◆ **What to produce**
When you copy the entries, match them exactly and omit the pictures.

[Saved entries]
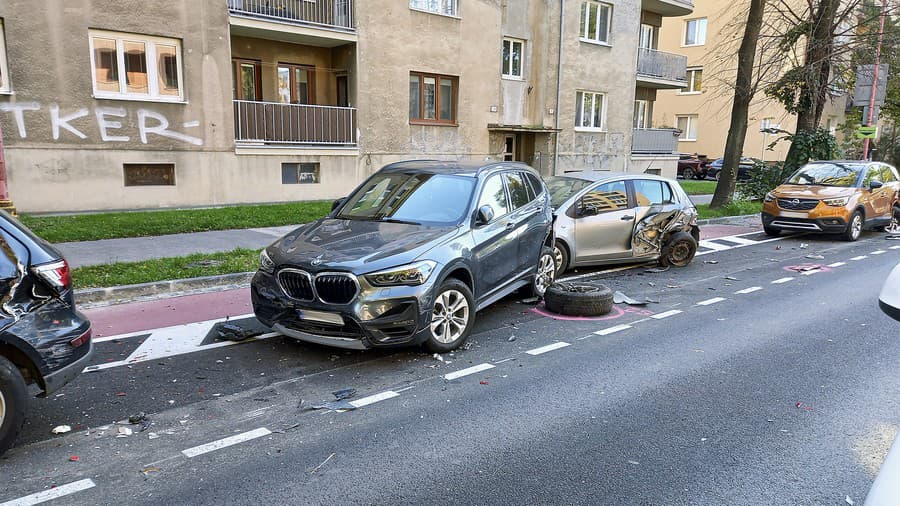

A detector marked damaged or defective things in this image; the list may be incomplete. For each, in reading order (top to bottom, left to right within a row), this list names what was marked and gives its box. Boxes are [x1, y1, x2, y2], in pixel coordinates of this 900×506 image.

dark blue damaged car [0, 211, 93, 456]
bent car hood [266, 217, 450, 272]
broken headlight housing [366, 262, 436, 286]
dark blue damaged car [248, 161, 556, 352]
damaged gray bmw suv [251, 161, 556, 352]
detached tire on road [540, 280, 612, 316]
detached tire on road [0, 354, 27, 456]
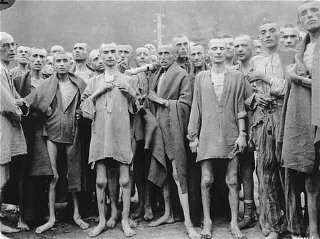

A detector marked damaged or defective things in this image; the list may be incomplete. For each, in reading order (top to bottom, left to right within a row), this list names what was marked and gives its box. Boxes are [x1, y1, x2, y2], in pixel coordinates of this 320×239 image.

tattered cloth robe [25, 73, 87, 192]
tattered cloth robe [149, 62, 191, 194]
tattered cloth robe [280, 33, 320, 233]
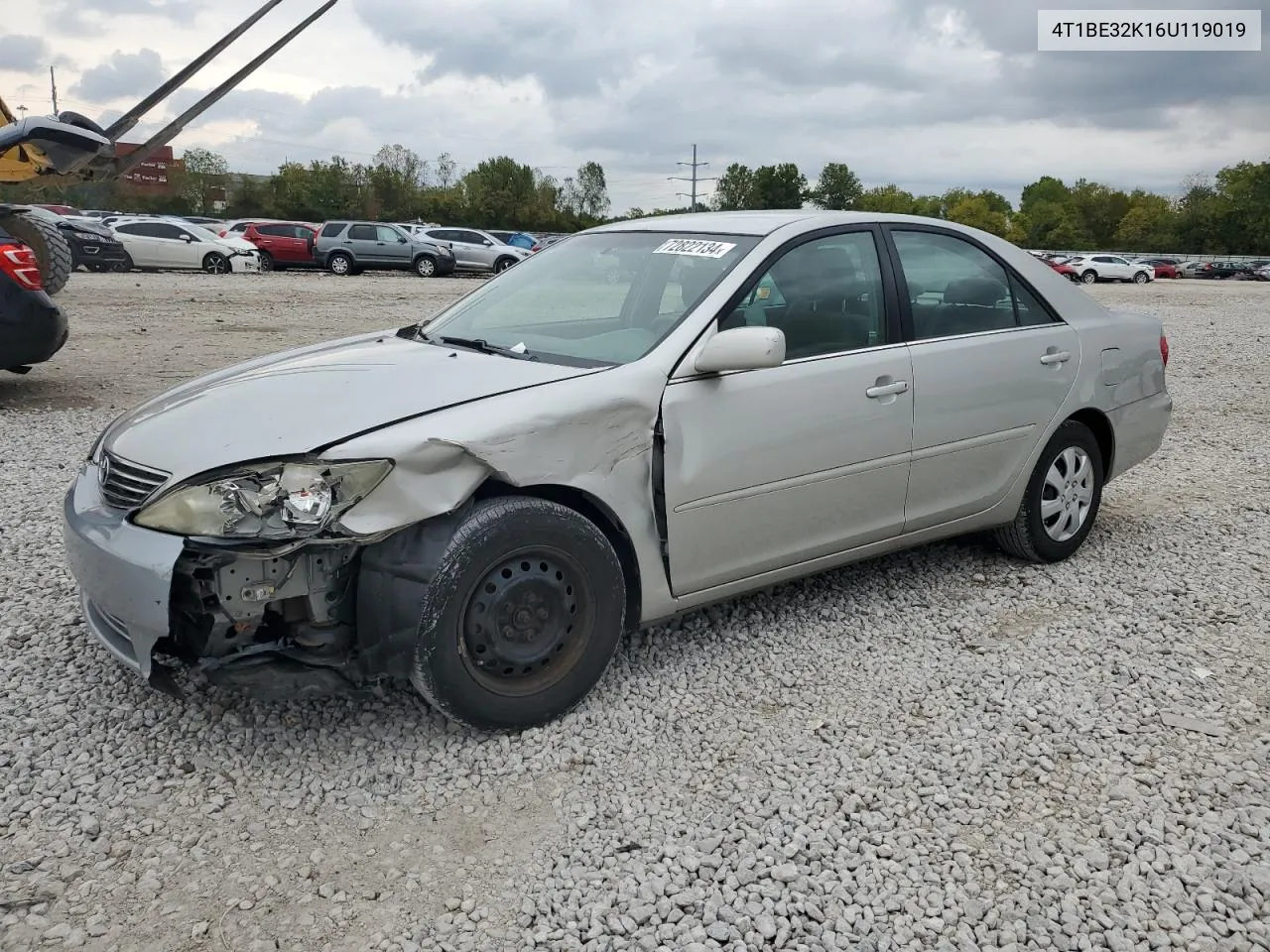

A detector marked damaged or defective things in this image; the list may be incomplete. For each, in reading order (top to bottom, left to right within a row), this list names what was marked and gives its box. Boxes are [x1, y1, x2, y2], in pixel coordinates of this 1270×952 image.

broken headlight [133, 459, 391, 540]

◆ **Your response**
A detector marked damaged or defective things in this image; the list may be incomplete. For each, in reading order (top to bottom, left to right within a row), this list names what was marked and gives its box. Boxes are [x1, y1, x2, y2], in pixel coordinates of this 900×506 image.

dark blue damaged car [0, 211, 93, 456]
bent car hood [266, 217, 450, 272]
broken headlight housing [366, 262, 436, 286]
dark blue damaged car [248, 161, 556, 352]
damaged gray bmw suv [251, 161, 556, 352]
detached tire on road [540, 280, 612, 316]
detached tire on road [0, 354, 27, 456]

A detector marked damaged or defective things in this image; the list may be incomplete. For each, in reading order (top to bottom, left to right within a row), this list names what was marked and gives its box. Boxes are [x1, y1, x2, y2], in pixel coordinates of this 320×239 image.

tattered cloth robe [25, 73, 87, 192]
tattered cloth robe [149, 62, 191, 194]
tattered cloth robe [280, 33, 320, 233]

A detector marked damaged or defective things in this image; the list may be incomplete. For each, in reading order (top to bottom, left to right within a row), this list names what was marked and gives its box. Boxes are [x1, y1, x2, y2], in pixel coordinates of this 1270×952 image.

broken headlight [133, 459, 391, 540]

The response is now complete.